Cologne Dada secured an autonomous and pivotal position between activities in Zurich, Berlin and Paris. Max Ernst and Johannes Theodor Baargeld responded to the artificial calm maintained by the British occupying forces in a series of anti-authoritarian publications, beginning with Der Ventilator (1918), which attracted more politically motivated artists, including Franz Seiwert (1894–1933), Anton Räderscheidt, Marta Hegemann (1894–1970), Heinrich Hoerle (1895–1935) and Angelika Hoerle (1884–1923). Rejecting Rhineland Expressionism, they were influenced by Klee’s graphic style and de Chirico’s sense of alienation. Ernst, Baargeld and Otto Freundlich were invited to participate in the Gesellschaft der Künst at the Kunstverein in November 1919, but the insubstantial collages and prints in their exhibition, accompanied by Bulletin D, provoked controversy. Arp arrived shortly after the exhibition, and with Ernst and Baargeld formed the Dada Weststupidia 3 or W/3 (named after their address), making Fatagaga (from ‘Fabrication de tableaux garantis gazométriques’), collaborative collages whose images and titles mocked rational expectations (e.g. Ernst and Arp’s photomontage Switzerland, Birth-place of Dada or Physiomythological Flood-Picture, 1920; Hannover, Sprengel Mus.).
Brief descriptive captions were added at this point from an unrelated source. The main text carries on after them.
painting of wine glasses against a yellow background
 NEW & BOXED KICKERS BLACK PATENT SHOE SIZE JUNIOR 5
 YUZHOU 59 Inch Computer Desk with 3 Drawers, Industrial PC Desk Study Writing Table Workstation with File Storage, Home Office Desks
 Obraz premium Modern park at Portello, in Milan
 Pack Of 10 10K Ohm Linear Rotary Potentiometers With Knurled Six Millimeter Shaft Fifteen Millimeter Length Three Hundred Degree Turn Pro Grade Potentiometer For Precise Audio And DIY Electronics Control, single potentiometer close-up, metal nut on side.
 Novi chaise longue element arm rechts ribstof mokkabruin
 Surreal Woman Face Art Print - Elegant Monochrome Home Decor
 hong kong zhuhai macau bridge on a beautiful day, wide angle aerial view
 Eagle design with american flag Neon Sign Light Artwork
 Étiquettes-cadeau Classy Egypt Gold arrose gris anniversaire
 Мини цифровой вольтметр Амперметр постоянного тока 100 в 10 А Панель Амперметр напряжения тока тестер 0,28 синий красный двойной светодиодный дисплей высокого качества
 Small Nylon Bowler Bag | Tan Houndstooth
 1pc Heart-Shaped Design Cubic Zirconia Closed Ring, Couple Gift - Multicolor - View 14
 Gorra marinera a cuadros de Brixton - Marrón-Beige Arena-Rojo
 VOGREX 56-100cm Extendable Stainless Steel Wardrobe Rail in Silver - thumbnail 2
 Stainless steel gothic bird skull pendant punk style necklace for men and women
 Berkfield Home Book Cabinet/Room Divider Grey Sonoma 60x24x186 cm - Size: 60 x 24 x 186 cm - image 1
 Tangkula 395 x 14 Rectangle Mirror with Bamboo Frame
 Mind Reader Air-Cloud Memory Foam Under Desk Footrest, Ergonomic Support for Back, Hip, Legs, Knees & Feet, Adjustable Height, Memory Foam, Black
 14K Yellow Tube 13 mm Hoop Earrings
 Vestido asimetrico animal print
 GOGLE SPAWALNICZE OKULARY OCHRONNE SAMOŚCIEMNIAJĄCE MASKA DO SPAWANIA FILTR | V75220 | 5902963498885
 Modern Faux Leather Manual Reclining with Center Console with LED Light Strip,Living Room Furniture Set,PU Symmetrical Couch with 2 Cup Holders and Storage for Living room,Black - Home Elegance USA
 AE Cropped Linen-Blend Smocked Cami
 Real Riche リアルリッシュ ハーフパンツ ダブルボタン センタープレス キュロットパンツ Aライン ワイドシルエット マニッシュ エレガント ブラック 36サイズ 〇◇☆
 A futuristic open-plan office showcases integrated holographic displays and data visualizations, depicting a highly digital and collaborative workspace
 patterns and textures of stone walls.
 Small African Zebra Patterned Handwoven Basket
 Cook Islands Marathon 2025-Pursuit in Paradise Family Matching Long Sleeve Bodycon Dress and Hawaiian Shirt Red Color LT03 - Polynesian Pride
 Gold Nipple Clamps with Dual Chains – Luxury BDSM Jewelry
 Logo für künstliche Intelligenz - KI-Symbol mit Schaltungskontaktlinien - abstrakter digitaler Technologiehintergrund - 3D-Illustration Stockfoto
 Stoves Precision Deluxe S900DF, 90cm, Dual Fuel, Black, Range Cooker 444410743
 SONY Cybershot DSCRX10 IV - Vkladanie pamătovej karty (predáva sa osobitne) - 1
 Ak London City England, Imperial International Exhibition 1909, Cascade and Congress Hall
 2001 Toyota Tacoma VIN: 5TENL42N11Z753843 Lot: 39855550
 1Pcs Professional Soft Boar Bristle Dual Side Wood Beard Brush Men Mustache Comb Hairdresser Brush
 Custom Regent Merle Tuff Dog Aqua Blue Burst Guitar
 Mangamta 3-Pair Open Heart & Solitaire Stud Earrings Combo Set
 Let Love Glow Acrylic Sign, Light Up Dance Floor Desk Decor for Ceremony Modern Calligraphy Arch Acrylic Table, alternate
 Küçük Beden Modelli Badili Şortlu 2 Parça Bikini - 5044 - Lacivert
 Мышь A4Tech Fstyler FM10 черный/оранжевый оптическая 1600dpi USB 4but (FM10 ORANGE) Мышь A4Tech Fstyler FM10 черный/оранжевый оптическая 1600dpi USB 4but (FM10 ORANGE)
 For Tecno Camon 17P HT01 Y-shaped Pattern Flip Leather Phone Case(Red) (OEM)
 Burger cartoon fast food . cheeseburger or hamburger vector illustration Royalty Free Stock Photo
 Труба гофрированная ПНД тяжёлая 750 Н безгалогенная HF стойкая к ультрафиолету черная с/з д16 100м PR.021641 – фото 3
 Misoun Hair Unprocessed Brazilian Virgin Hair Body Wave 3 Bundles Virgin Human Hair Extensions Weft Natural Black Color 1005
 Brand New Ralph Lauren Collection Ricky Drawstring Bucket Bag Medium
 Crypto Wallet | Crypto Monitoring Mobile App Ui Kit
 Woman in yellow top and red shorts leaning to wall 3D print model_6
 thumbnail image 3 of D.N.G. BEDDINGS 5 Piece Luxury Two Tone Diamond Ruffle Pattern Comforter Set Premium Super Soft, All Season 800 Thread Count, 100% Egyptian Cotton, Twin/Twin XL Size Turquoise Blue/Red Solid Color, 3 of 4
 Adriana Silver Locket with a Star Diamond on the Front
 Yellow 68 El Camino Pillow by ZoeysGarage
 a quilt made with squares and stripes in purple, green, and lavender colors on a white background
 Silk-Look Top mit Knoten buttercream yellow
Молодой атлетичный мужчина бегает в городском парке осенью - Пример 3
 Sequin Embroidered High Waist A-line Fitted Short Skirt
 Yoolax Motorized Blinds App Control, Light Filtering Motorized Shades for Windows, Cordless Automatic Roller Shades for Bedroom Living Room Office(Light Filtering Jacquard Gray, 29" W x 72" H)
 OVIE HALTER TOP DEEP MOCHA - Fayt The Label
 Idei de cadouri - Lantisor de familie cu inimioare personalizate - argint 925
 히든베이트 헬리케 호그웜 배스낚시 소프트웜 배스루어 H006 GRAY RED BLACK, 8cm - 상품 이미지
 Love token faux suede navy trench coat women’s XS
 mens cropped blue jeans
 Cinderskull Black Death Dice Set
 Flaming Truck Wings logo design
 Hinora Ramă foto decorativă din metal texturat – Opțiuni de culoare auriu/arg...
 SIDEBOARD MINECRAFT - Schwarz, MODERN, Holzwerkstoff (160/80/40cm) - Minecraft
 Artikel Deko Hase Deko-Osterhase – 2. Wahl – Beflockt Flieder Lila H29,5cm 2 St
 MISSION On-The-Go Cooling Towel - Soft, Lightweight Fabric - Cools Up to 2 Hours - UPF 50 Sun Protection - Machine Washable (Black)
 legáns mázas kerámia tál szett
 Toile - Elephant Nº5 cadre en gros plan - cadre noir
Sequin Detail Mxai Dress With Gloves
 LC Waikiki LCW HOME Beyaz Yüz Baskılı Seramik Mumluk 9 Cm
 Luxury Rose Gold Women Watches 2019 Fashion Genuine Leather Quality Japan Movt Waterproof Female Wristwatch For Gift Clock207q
The Hoerles and Seiwert withdrew at the last moment, claiming that Dada was ‘bourgeois art marketing’, and moved towards forming the Stupid group.

In April 1920 their periodical Die Schammade featured Arp, Huelsenbeck, Breton and Louis Aragon from Paris and was followed by the audacious exhibition Dada Vorfrühling (April); expelled from the Arbeitsgemeinschaft Bildender Künstler, Baargeld and Ernst rented space in the Winter brewery, access to which passed through its lavatories! An astonishing collection of exhibits, including a sculpture by Ernst that the public were invited to destroy (axe provided), brought uproar and police closure, as well as invitations to exhibit at the Berlin Dada Fair. However, Arp’s departure for Berlin and Paris and the proletarian orientation of the Stupid group drained Cologne Dada of further group activity. Ernst continued to experiment with photomontages and with painting over engravings (e.g. Perturbation, My Sister, 1921; Berne, Kstmus.), the transformatory power of which proved astonishing when exhibited by the Paris Dadaists in May 1921. In the autumn his holiday with Arp and Tzara in the Tyrol produced the joint publication Dada Intirol, Augrandair. There he met Breton and subsequently began a close collaboration with Paul Eluard, supplying collages for the poet’s Répétitions and collaborating on Les Malheurs des immortels (both Paris, 1922). Before moving to Paris in late 1922, Ernst also began converting his imagery of unexpected juxtapositions into oil paintings (e.g. the Elephant Celebes, c. 1921), which would be identified by Breton as one of the first Surrealist paintings.